Records drawn from a dataset:
◆ ◆ ◆ ◆ ◆ ◆ ◆

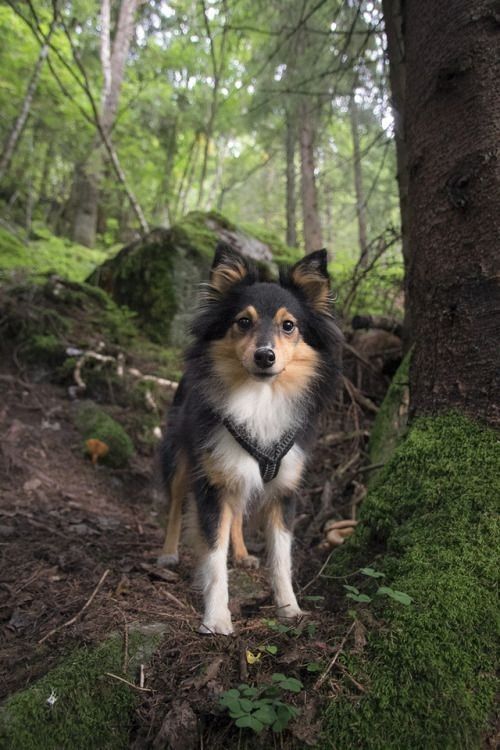 (7) Border Collie Pictures.jpg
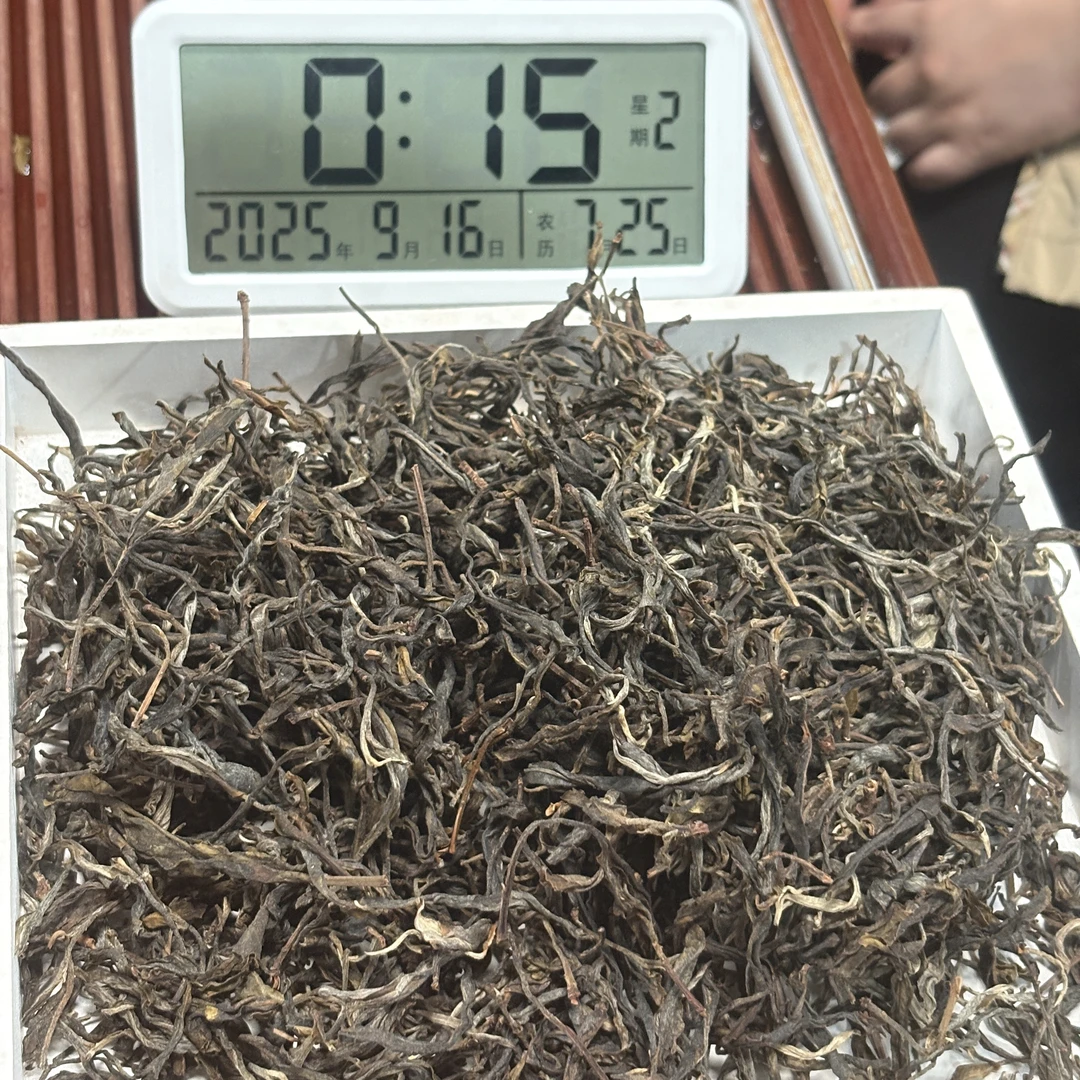 2019年正气塘大树 春  生普散茶 250克【236号】9-15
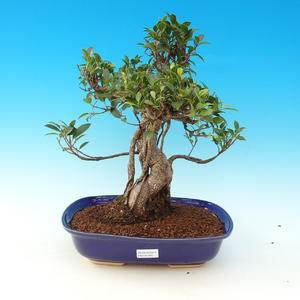 Pokojová bonsai-Ficus retusa- malolistý fíkus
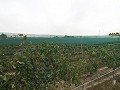 Baugrundstück in der Nähe von Alenda Golf in Daft on Spain 
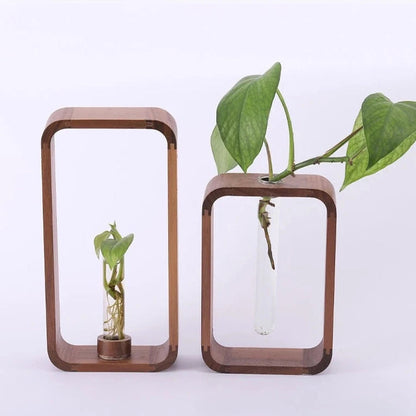 Propagateur décoratif en bois – Vases à boutures suspendues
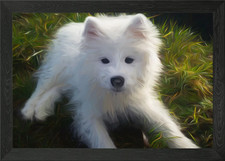 Samoyed Puppy Framed Wall Art
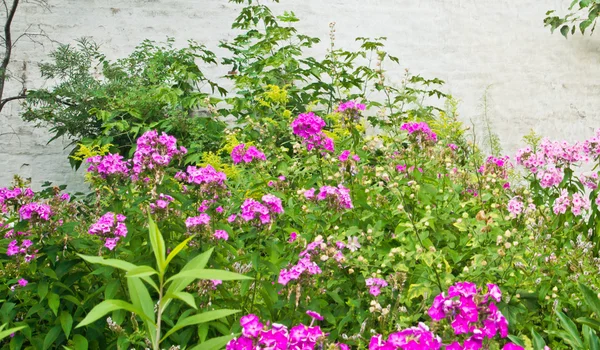 Muchas flores rosadas en el parque — Foto de Stock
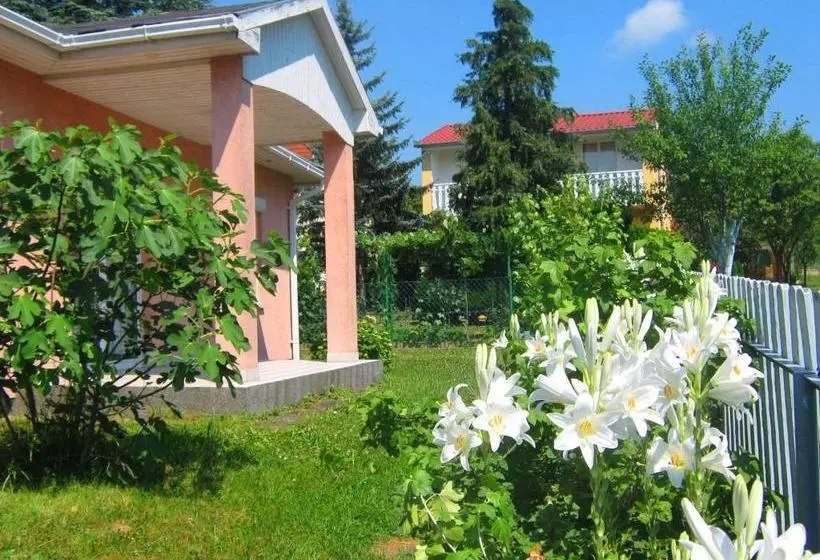 Hotel Fészek
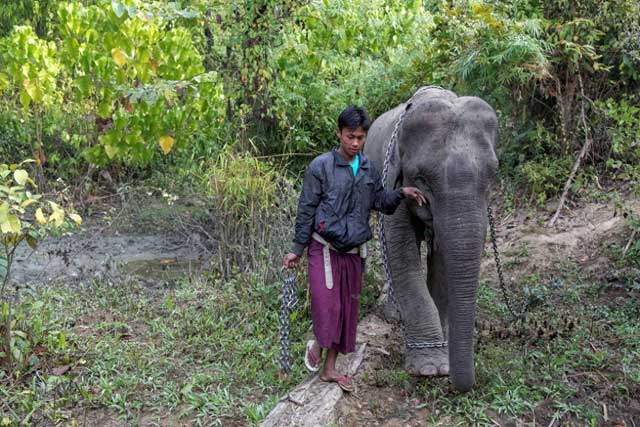 Due to human development, Asian elephants are increasingly losing their natural habitats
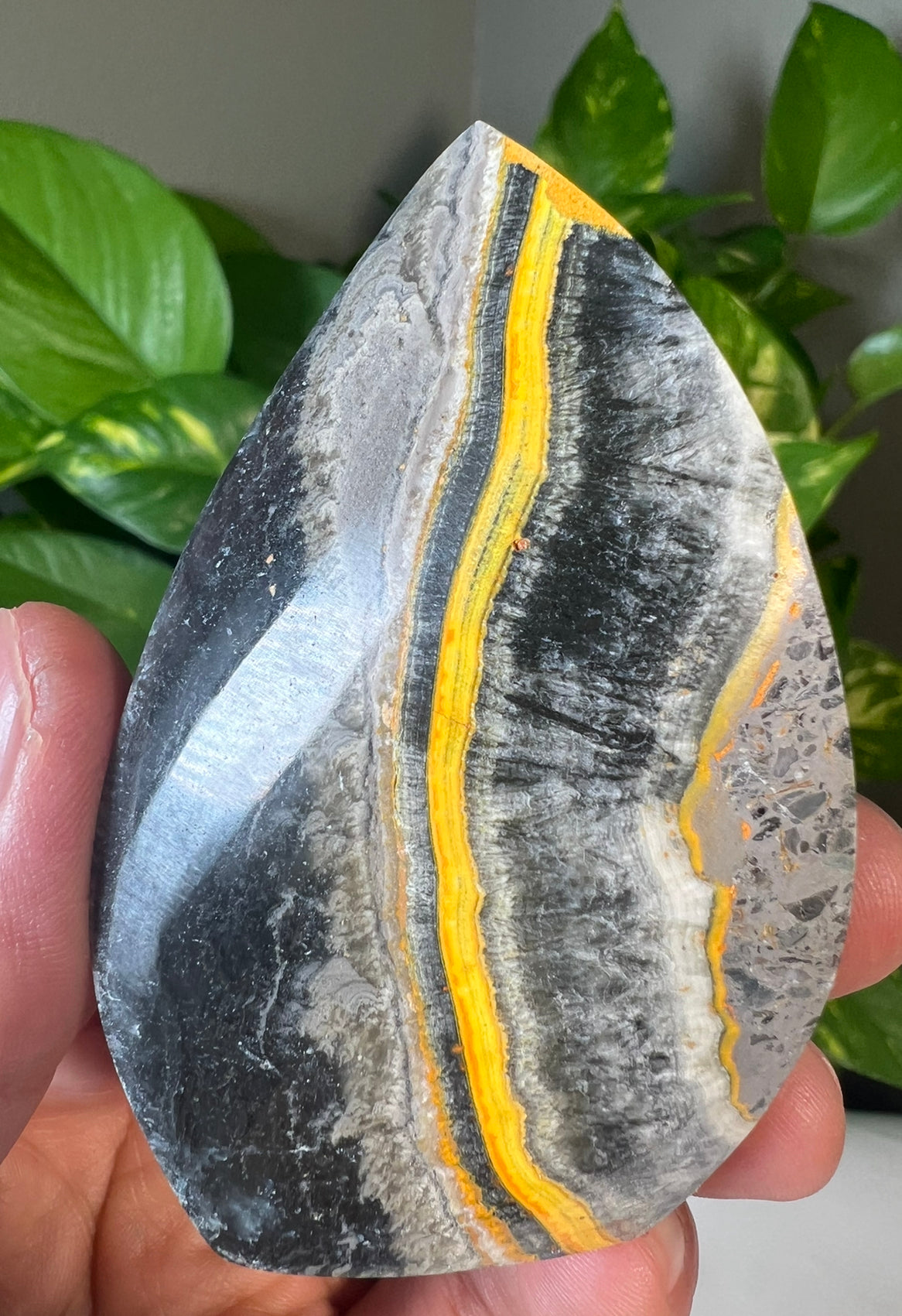 Bumblebee Jasper Flames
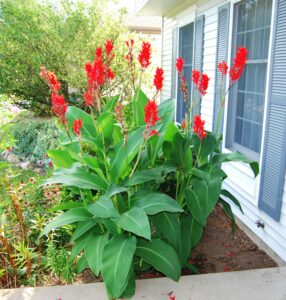 Canna Lily (Kanna) Exotické rastliny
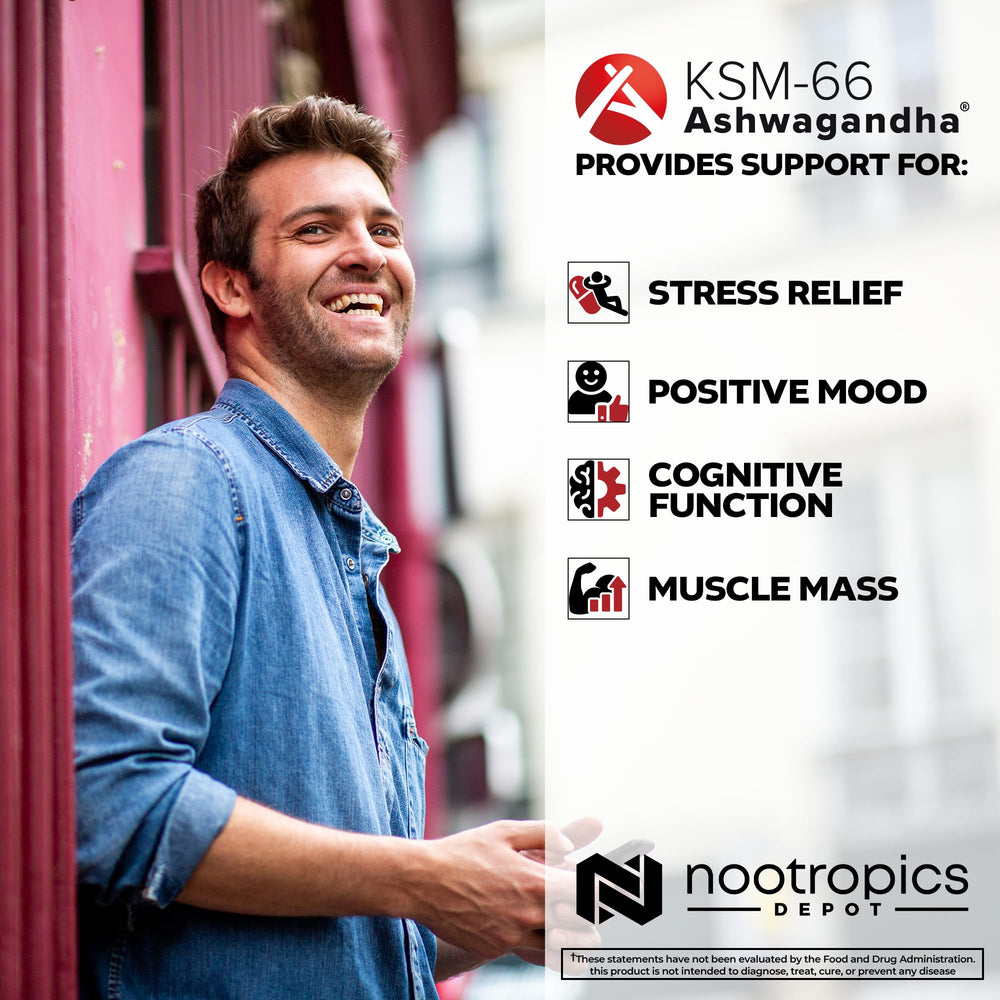 Adaptogen supplement concept with capsules and herbs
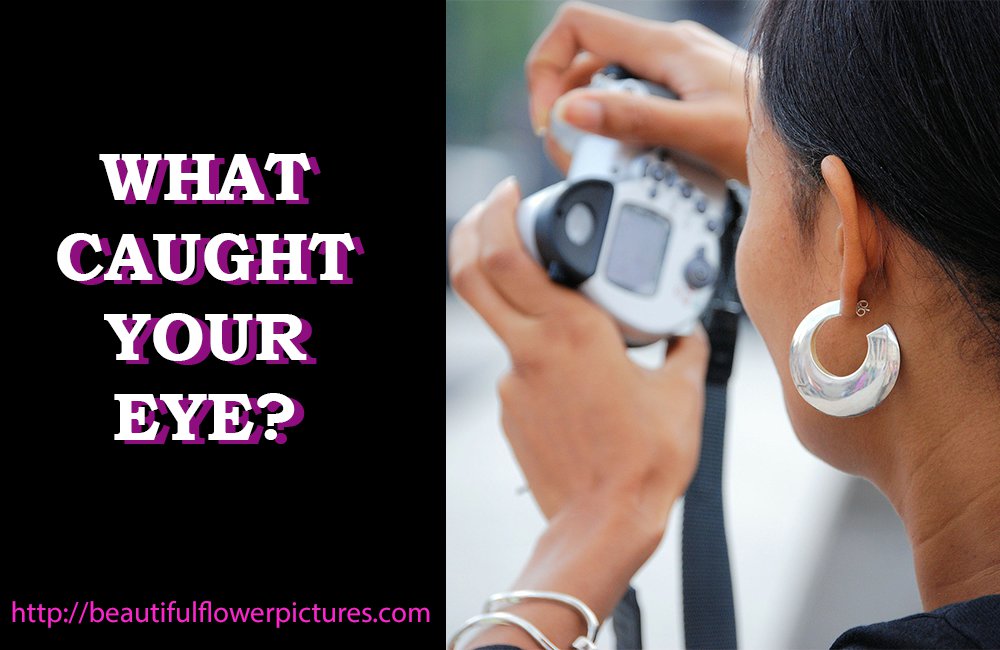 What Caught Your Eye?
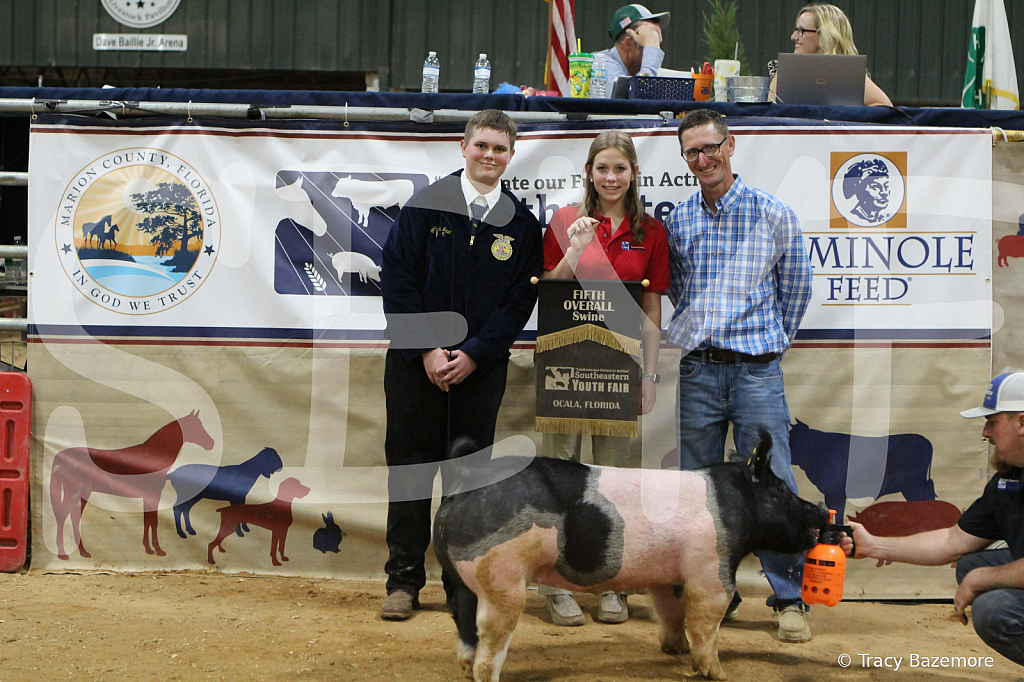 swine1130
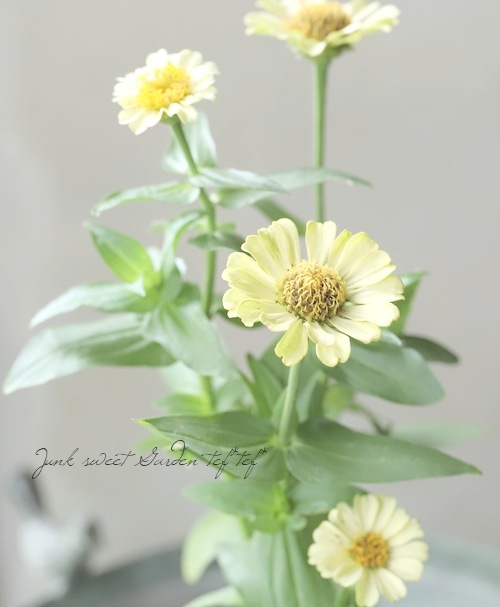 ジニア・シンデレラ 『Aタイプ』 | すべての商品 | | Junk sweet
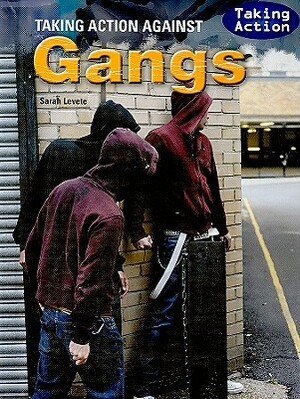 Taking Action Against Gangs by Sarah Levete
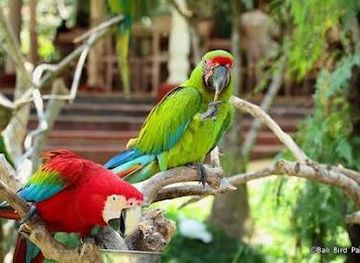 indonesia/bali/attraction/bali-bird-park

◆ ◆ ◆ ◆ ◆ ◆ ◆

Exercise instructions
Omitting the images, transcribe every record exactly.

Solution
 (7) Border Collie Pictures.jpg
 2019年正气塘大树 春  生普散茶 250克【236号】9-15
 Pokojová bonsai-Ficus retusa- malolistý fíkus
 Baugrundstück in der Nähe von Alenda Golf in Daft on Spain 
 Propagateur décoratif en bois – Vases à boutures suspendues
 Samoyed Puppy Framed Wall Art
 Muchas flores rosadas en el parque — Foto de Stock
 Hotel Fészek
 Due to human development, Asian elephants are increasingly losing their natural habitats
 Bumblebee Jasper Flames
 Canna Lily (Kanna) Exotické rastliny
 Adaptogen supplement concept with capsules and herbs
 What Caught Your Eye?
 swine1130
 ジニア・シンデレラ 『Aタイプ』 | すべての商品 | | Junk sweet
 Taking Action Against Gangs by Sarah Levete
 indonesia/bali/attraction/bali-bird-park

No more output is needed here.